The data Start Marker
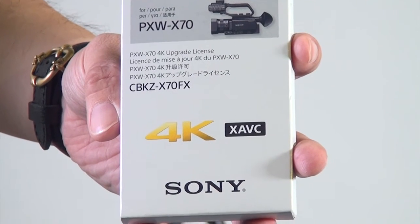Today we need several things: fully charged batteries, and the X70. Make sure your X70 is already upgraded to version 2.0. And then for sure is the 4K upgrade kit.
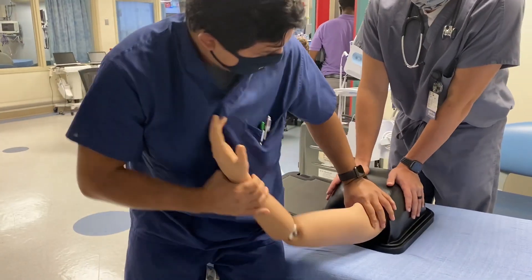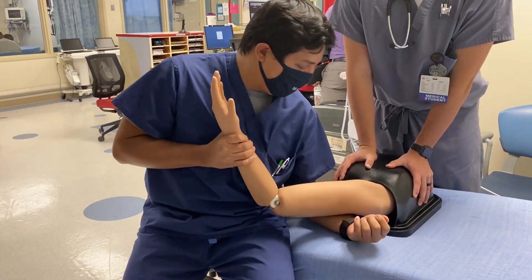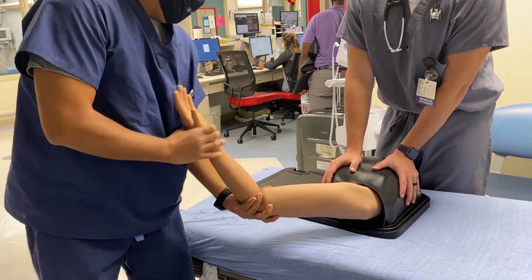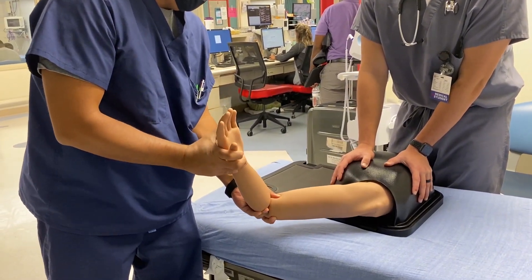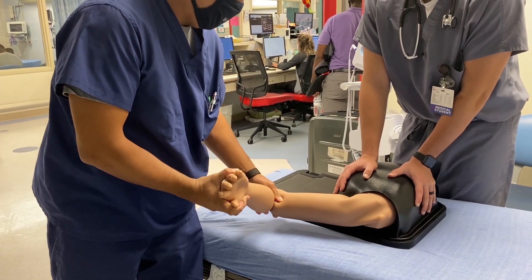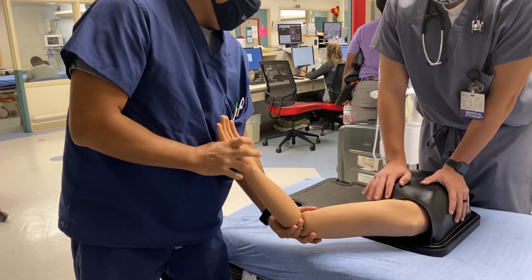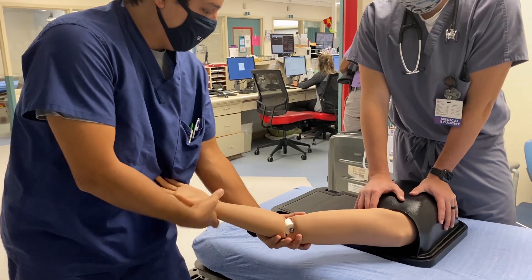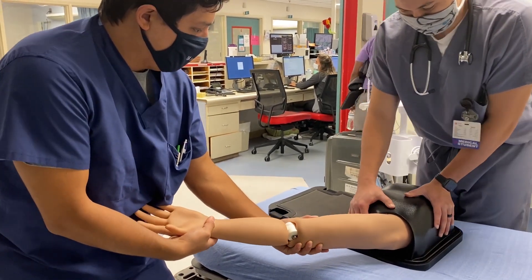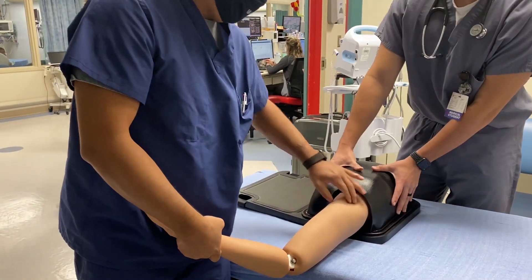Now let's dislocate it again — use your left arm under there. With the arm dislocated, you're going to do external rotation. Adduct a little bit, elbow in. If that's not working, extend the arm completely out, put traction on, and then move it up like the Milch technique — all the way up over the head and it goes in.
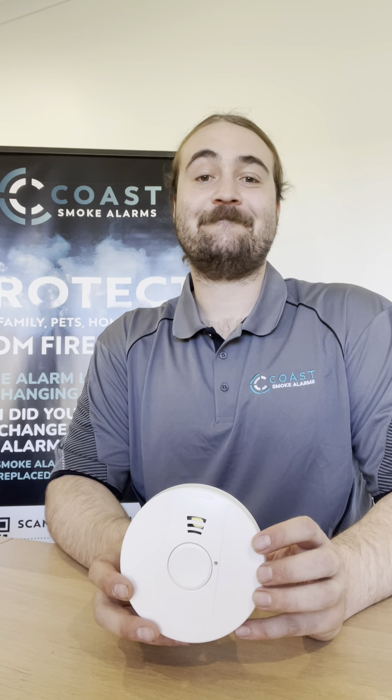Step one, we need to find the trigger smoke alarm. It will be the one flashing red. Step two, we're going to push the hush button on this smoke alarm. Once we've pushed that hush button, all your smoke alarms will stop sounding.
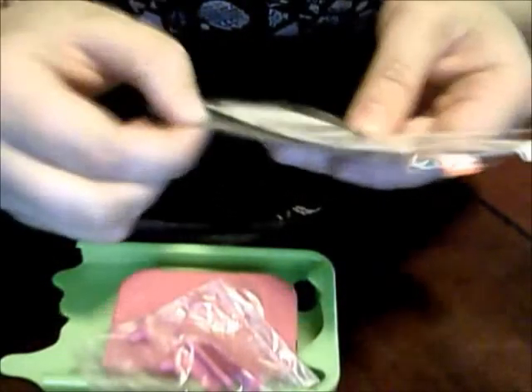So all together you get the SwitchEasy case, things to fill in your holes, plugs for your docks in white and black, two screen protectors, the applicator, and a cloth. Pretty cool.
The data End Marker
**What you will do**: Output the data exactly as it appears. The pictures do not belong in it.

**Answer**:
Today we need several things: fully charged batteries, and the X70. Make sure your X70 is already upgraded to version 2.0. And then for sure is the 4K upgrade kit.
Now let's dislocate it again — use your left arm under there. With the arm dislocated, you're going to do external rotation. Adduct a little bit, elbow in. If that's not working, extend the arm completely out, put traction on, and then move it up like the Milch technique — all the way up over the head and it goes in.
Step one, we need to find the trigger smoke alarm. It will be the one flashing red. Step two, we're going to push the hush button on this smoke alarm. Once we've pushed that hush button, all your smoke alarms will stop sounding.
So all together you get the SwitchEasy case, things to fill in your holes, plugs for your docks in white and black, two screen protectors, the applicator, and a cloth. Pretty cool.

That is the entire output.